The Unity Catalog origin reads data from a Databricks Unity Catalog managed table. Use the origin only in Databricks cluster pipelines.

The origin can perform a full or incremental read. The origin performs a full read of all available data, by default.

When you configure the origin, you specify the catalog, schema, and table to read from. If you configure the origin to perform an incremental read, you specify the offset column and initial offset to use.

Full or Incremental Read

The Unity Catalog origin can perform a full read or an incremental read each time you run the pipeline. By default, the origin performs a full read of the specified table.

When the origin performs a full read, the origin processes all data available in the table each time that the pipeline runs.

When the origin performs an incremental read, the first pipeline run is the same as a full read. When the pipeline stops, the origin stores the offset where it stopped processing. For subsequent pipeline runs, the origin reads the table starting from the last-saved offset, unless you reset the pipeline offsets.

When you configure the origin to perform an incremental read, you specify the offset column and initial offset to use. As a best practice, an offset column should be an incremental and unique column that does not contain null values. Having an index on this column is strongly encouraged since the underlying query uses an ORDER BY clause and inequality operators on this column.

Configuring a Unity Catalog Origin

Configure a Unity Catalog origin to read from a Databricks Unity Catalog managed table. Use the origin only in Databricks cluster pipelines.

  1. On the Properties panel, on the General tab, configure the following properties:
    General Property Description
    Name Stage name.
    Description Optional description.
    Load Data Only Once Reads data while processing the first batch of a pipeline run and caches the results for reuse throughout the pipeline run.

    Select this property for lookup origins. When configuring lookup origins, do not limit the batch size. All lookup data should be read in a single batch.

    Do not select this property when you configure the origin to read from more than one table.

    Cache Data Caches data processed for a batch so the data can be reused for multiple downstream stages. Use to improve performance when the stage passes data to multiple stages.

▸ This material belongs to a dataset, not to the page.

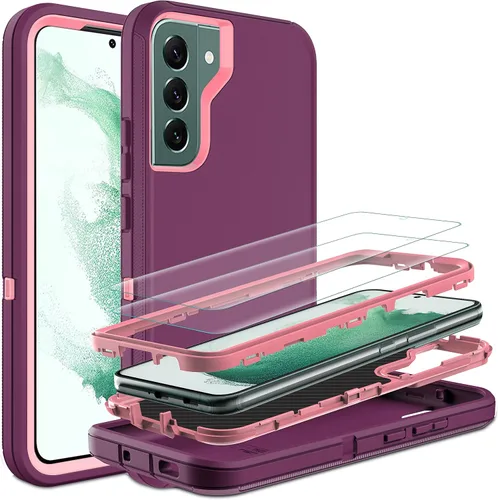 Vista 8 de Funda para S22 Plus, Samsung Galaxy S22 Plus con protector de pantalla de TPU flexible autorreparable [2 unidades], funda de cuerpo completo a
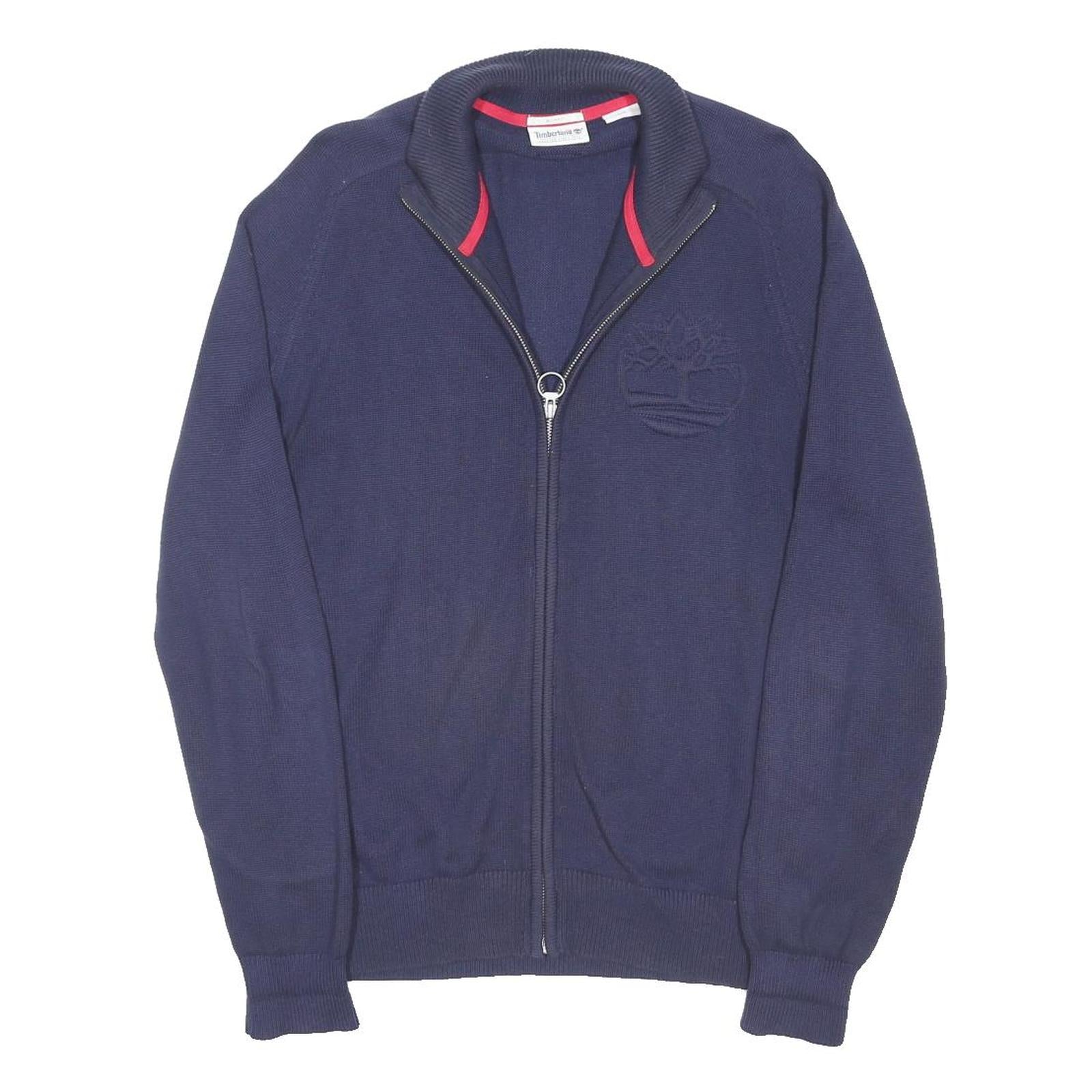 TIMBERLAND Mens Navy Blue Cotton Blend Plain Full Zip Jumper L Zip Collar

    Caching can limit pushdown optimization when the pipeline runs in ludicrous mode.

    Available when Load Data Only Once is not enabled. When the origin loads data once, the origin caches data for the entire pipeline run.

  2. On the Unity Catalog tab, configure the following properties:
    Unity Catalog Property Description
    Catalog Name Catalog for the table to read.
    Schema Name Schema for the table to read.
    Table Name Table to read.
    Incremental Mode Enables the origin to read data from a specified initial offset for the first pipeline run, and then from the last-saved offset during subsequent pipeline runs.
    Initial Offset Initial offset value to use when you start the pipeline.

    Available only for incremental reads.

    Offset Column Column to track the progress of the read.

    Available only for incremental reads.